The cardinal rules of pecking orders extend well beyond birds and beaks, according to a new study led by a UNL biologist.
Roughly 80 years of data have revealed surprising similarities in the social hierarchies of animal groups ranging from primates and birds to fish and insects, the study reports.
Daizaburo Shizuka, research assistant professor of biological sciences, employed a method called network motif analysis to examine data published across eight decades and 113 studies. Shizuka and a colleague specifically analyzed patterns of dominance and subordination among three-member sub-networks within larger social groups.
The authors found that the vast majority of 172 animal groups featured certain hierarchical patterns either far more frequently or less often than would be predicted by chance.
The results indicate that seemingly disparate animal groups operate according to “strikingly similar” social blueprints, Shizuka said.
“There’s an intuition that, say, a bird social hierarchy might be in some way different than that of chimpanzees or fish,” said Shizuka, who co-authored the study with the University of Wyoming’s David McDonald. “The idea that appeals to me is that maybe we’re honing in on some universal features of social systems – some features that we all share.”
The study reported that 99 percent of all groups displayed fewer cyclical triads – whereby animal A dominates animal B, which dominates animal C, which in turn dominates animal A – than predicted by chance. The authors also found that 89 percent exhibited relatively few “pass-along” chains of animal A dominating B and B dominating C.
In contrast, 97 percent of groups commonly exhibited a transitive dynamic of animal A prevailing over both B and C, with B also dominating C. The similar but simpler “double-dominant” dynamic, in which A reigns over B and C without any interaction between the latter two, appeared frequently in 80 percent of groups.
Contrary to the authors’ expectations, these results held even when comparing animals in captivity with those in the wild.
“You’d think that there would be some kind of big difference there, but we didn’t really see any systematic difference between those kinds of situations,” Shizuka said. “That was really surprising to me.”
Comparing networks that vary in size and interaction frequency can prove challenging, Shizuka said, because such differences can spin mathematical patterns where none exist.
“It’s a nice idea to say, ‘Let’s see if social hierarchies are similar among different animals,’ but it’s actually not so simple,” Shizuka said. “These matters of group size or how long you observe a group can generate results that look like they’re meaningful patterns but are not. That pushed me to think hard about how exactly we could compare these kinds of things.”
Inspired by what he called a “forgotten” study published by sociologist Ivan Chase in the 1980s, Shizuka used network motif analysis to take the air out of previously inflated correlations.
Because scholars have used relatively consistent methods to collect data since dominance hierarchy research emerged in the 1920s, Shizuka said, the authors were able to plug a large sample of secondary data into that analysis.

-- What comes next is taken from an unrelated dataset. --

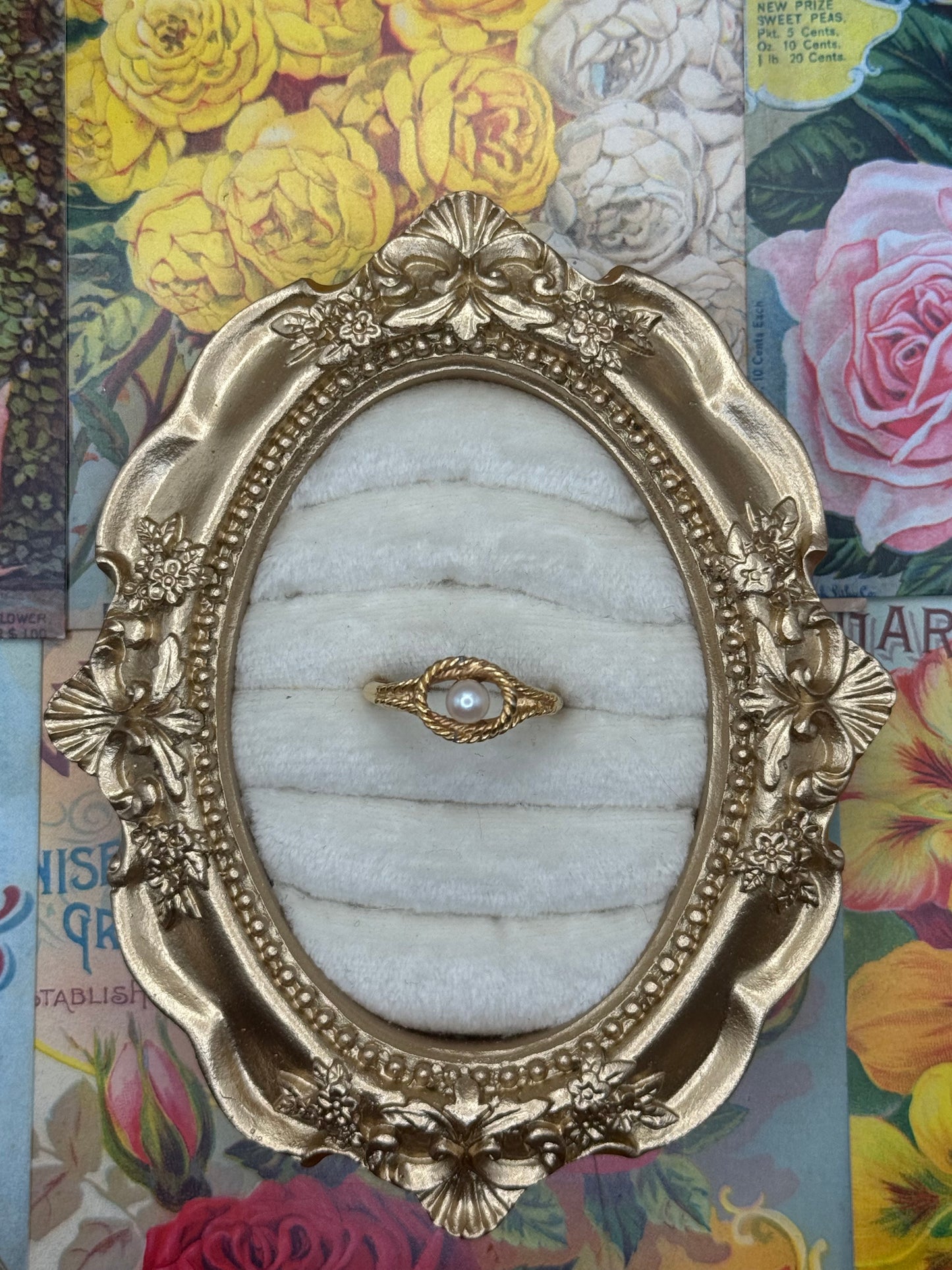 Vintage Gold Tone Avon Pearl Ring Size 9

“Even today, most of this work really depends on people sitting down and observing the animals and scoring behavior,” Shizuka said. “I really have to thank the generations of animal behaviorists for collecting and publishing their raw data in a way that we could analyze.”
Shizuka said he hopes the study will spur other researchers to consider how they might leverage network analysis to squeeze fresh insights from existing data.
“It’s a new approach to asking and answering questions that have been around for decades,” said Shizuka. “What I intended with this paper was really just to provide a new way of looking at the same data.
“Hopefully it will inspire some people to ask pertinent questions that I’m not even thinking of.”
The authors’ study appears in the April edition of the Journal of the Royal Society Interface. The research outlined in the study was funded in part by the National Science Foundation.